For the record, we tend to be pretty passionate about our Second Amendment rights, and we don’t let anyone infringe on them. We’ll call up congressmen and women, we’ll petition governors and presidents, we’ll hold rallies, we’ll battle for our rights at every single level of government.
That includes local government, which it seems the city of Charlestown, Rhode Island learned the hard way.
Monday’s Town Council meeting was postponed when 170 people packed the council chambers, which has a capacity of 100. Prompted by an item on the agenda that proposed to restrict target shooting to licensed shooting ranges, gun rights advocates, as well as people who support the proposal, were eager to voice their opinions.
“We can’t hold the meeting,” council President Virginia Lee told the crowd. “We will duly advertise, at a larger venue, likely the elementary school, where we can actually hear everybody and give everyone a chance to speak.”

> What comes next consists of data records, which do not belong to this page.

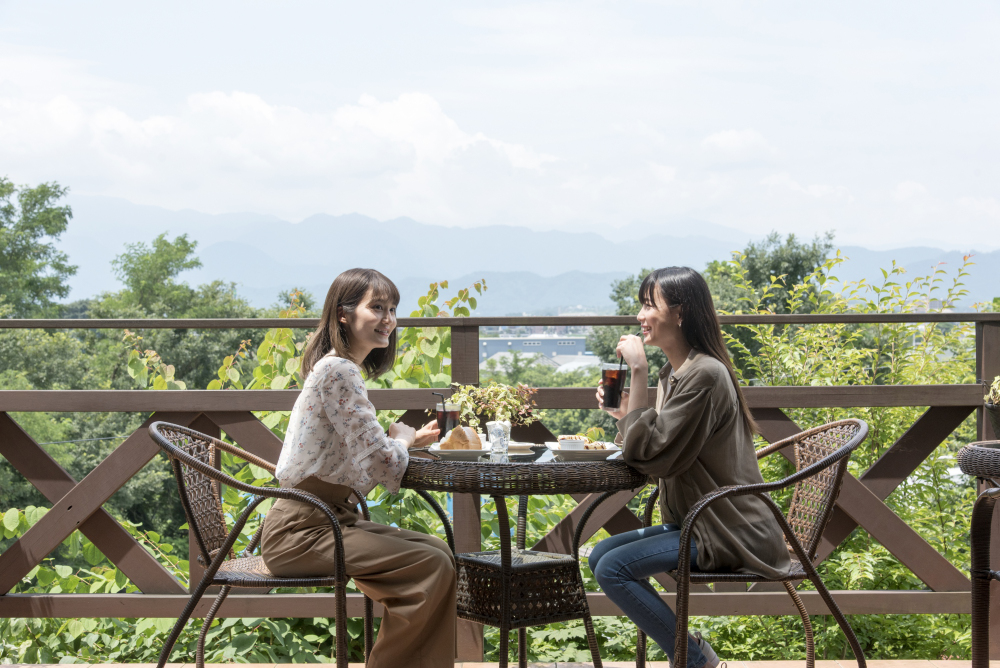 南蛮屋ガーデンの写真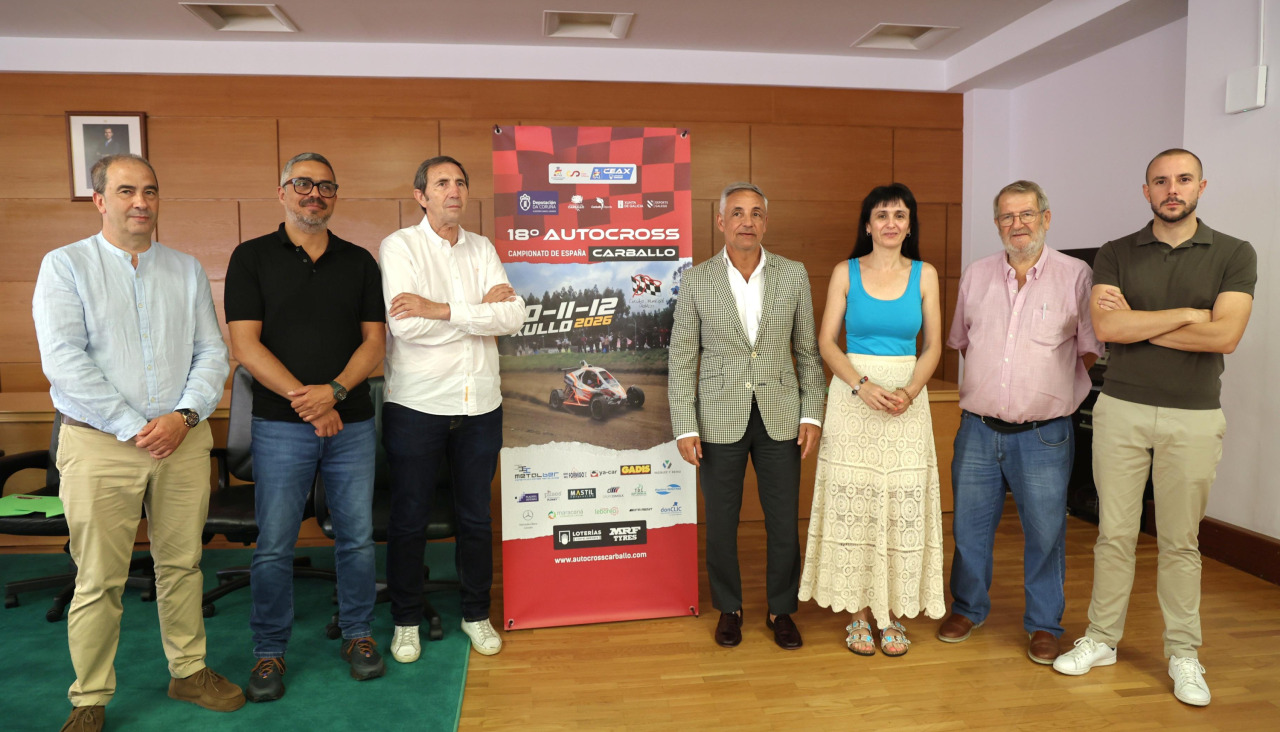 Acto de presentación de autocross de Carballo (13)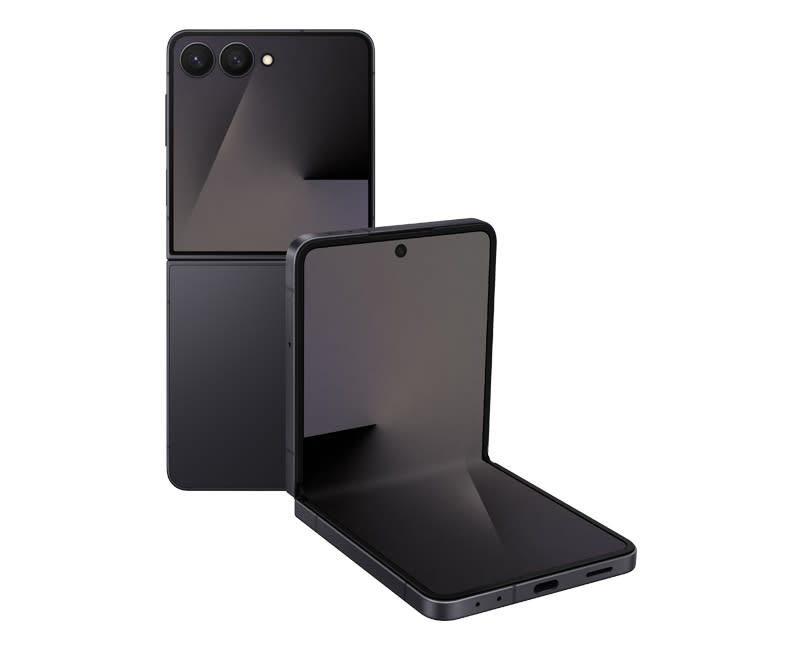 Samsung Galaxy Z Flip7 5G JBLK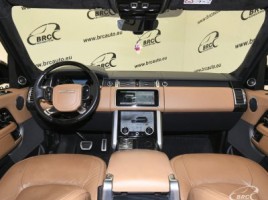 Land Rover Range Rover, 4.4 l., Внедорожник | 2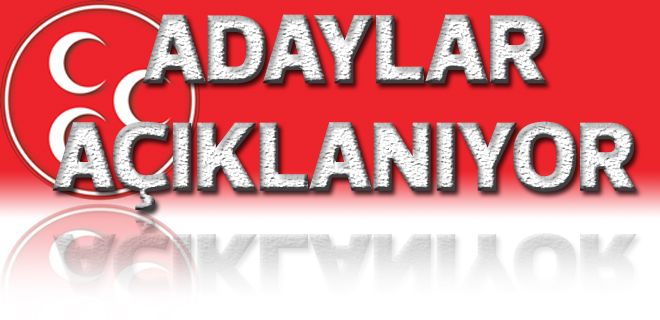 Adaylarımızı en kısa sürede açıklayacağız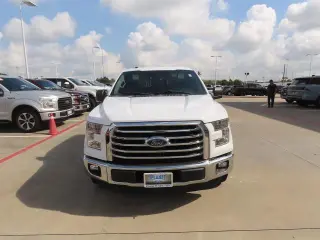 Ford F-150 2016 4x2 XLT 4dr SuperCrew 5.5 ft. SB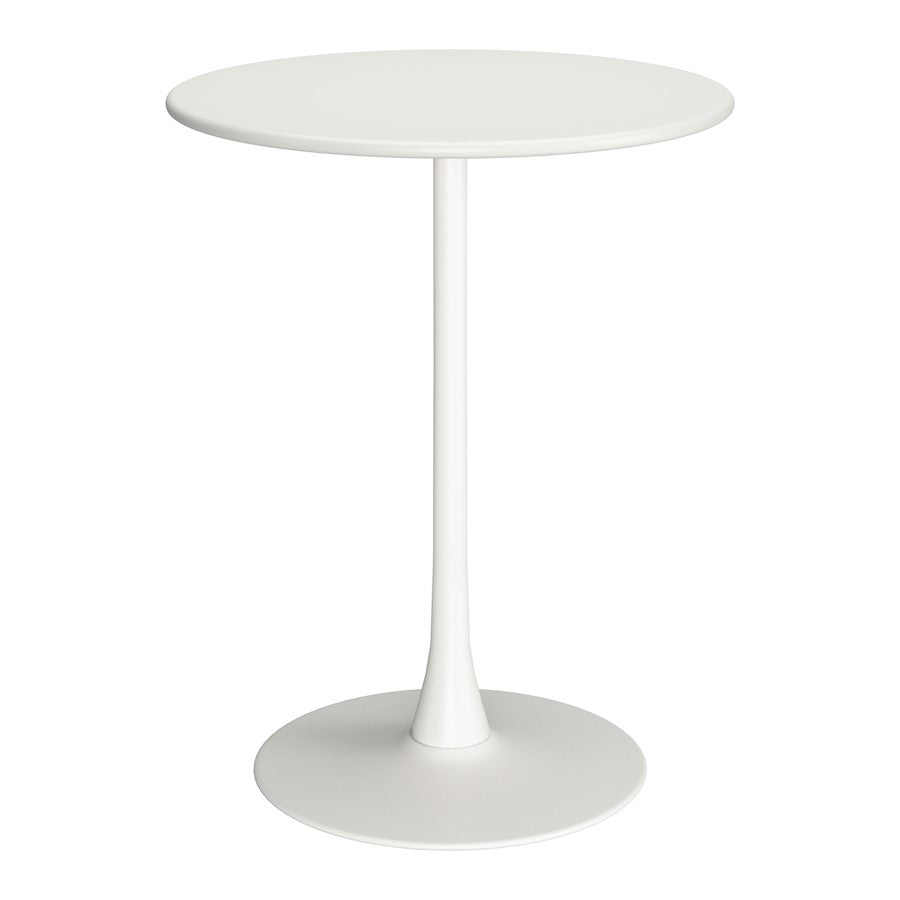 Zuo Modern Soleil Bar Table, White - 704035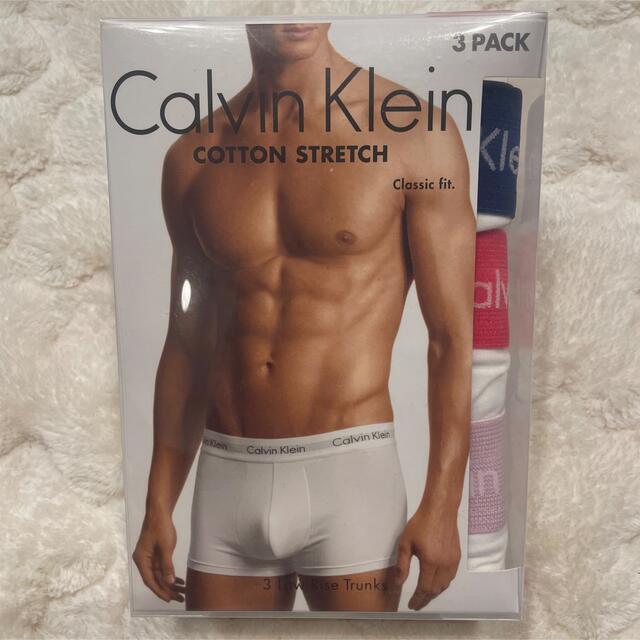 Calvin Klein(カルバンクライン)のCalvinKlein カルバンクライン ボクサーパンツ メンズのアンダーウェア(ボクサーパンツ)の商品写真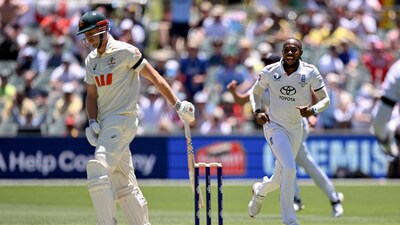 Cameron Green gets out on duck a day after getting sold for Rs 25.2 crore. (Photo: X)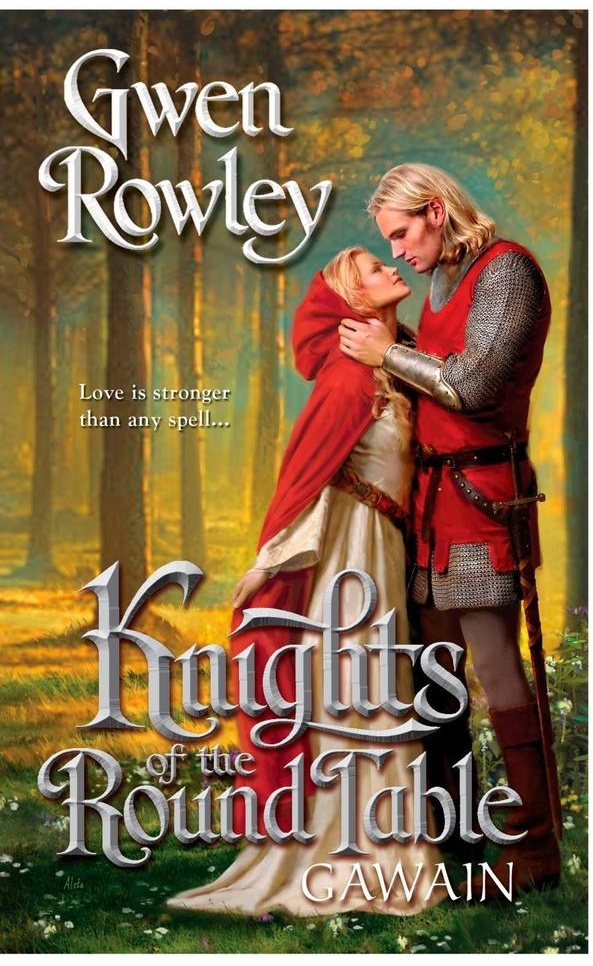 Knights of the Round Table: Gawain: eBook von Gwen Rowley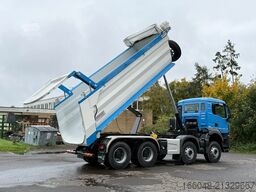 MAN TGS 41.520 MAN TGS 41.520 BB 8X4 Hydraulische K...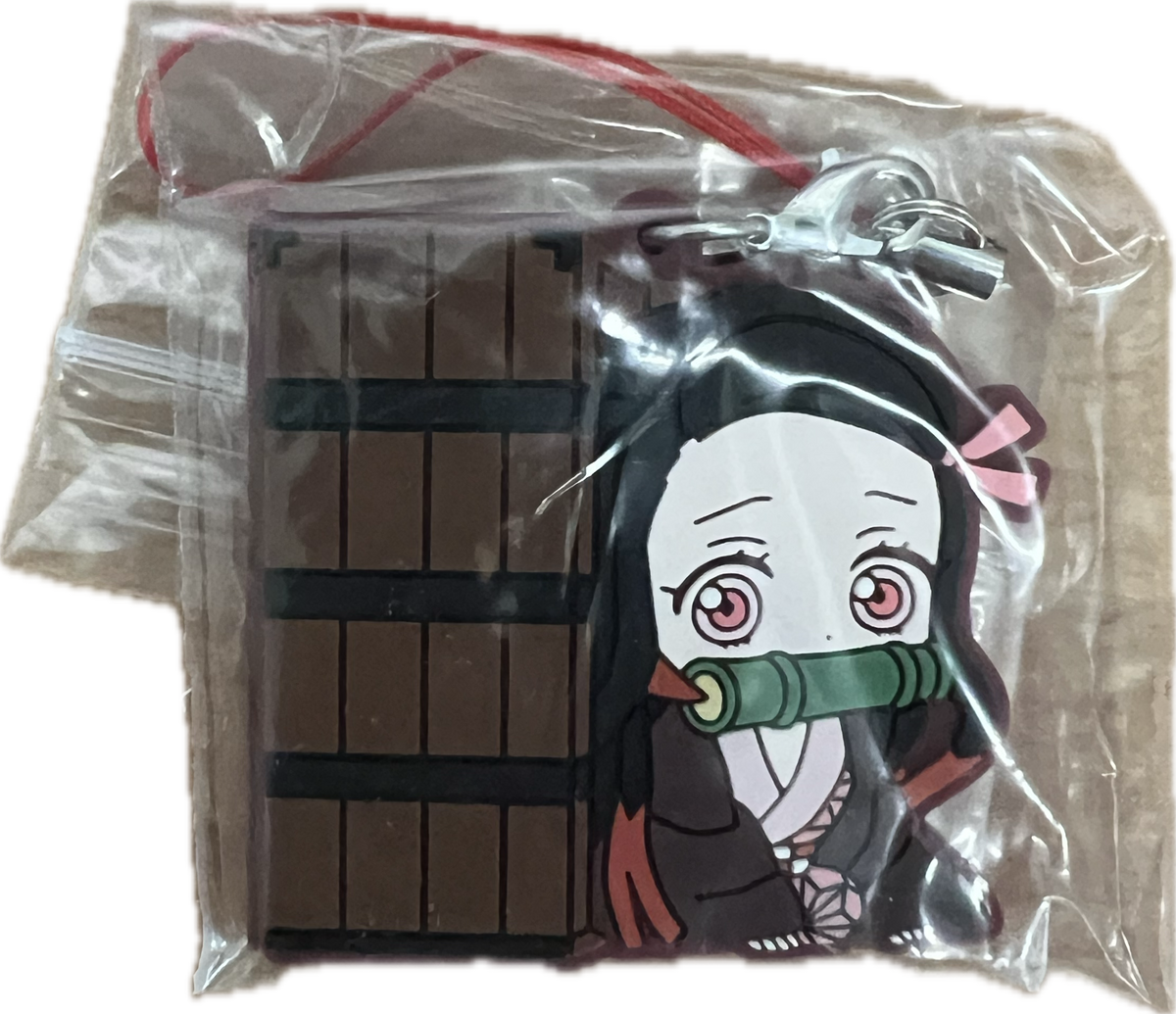 Nezuko Kamado Schlüsselanhänger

In attendance were the two neighbors at the center of the debate: King’s Factory Road resident JoAnn Stolle and her neighbor, Jim Blackwood. Stolle, who has lived in her home for more than 30 years, is proposing the ordinance and Blackwood and his family, who moved into the neighborhood about a year ago, enjoy target shooting on their property.
In a written presentation which she will make to the council, Stolle, a member of the town’s Zoning Board of Review, cites the potential danger of stray bullets as well as the noise, which she described as “extremely disturbing.” She has also collected 60 signatures on a petition calling for the regulation of target shooting.
“My neighbors moved in last on December 28, three days after Christmas and started blasting away,” she said.
Anthony Dean Stanton, Chief Sachem of the Narragansett Indian Tribe, said he supported Stolle’s initiative.
“It’s in the interest of public safety – Indian and non-Indian,” he said.
Blackwood said safety was also his paramount concern.
“I am 100 percent safe, I feel,” he said, noting that the dispute was probably about more than guns. “Because of the type of person we’re dealing with and the situation that’s going on, it’s other issues besides the shooting, too. There’s control of land. This started before we even bought the property, with the builder, with the developer of the land – there’s issues there. It’s just a control thing.”
There’s likely a bit more to it than just noise or safety. After all, most people who shoot on their land understand what they’re doing and how to minimize any risk to the surrounding neighbors.
Most, anyway.
Still, I’m not sure what annoys me the most on this one. Is it the idea of being told you can’t shoot on your land or being told that you can’t shoot on your land.
In other words, there’s both a Second Amendment issue and a property rights issue, and property rights are pretty damn important to me even if they’ve been stomped into the dirt by the government for centuries now.
However, it’s heartening to hear that an issue like this elicited such a reaction. I’ll be honest, I’m hoping that most of those who came were pro-gun, but we’ll have to see.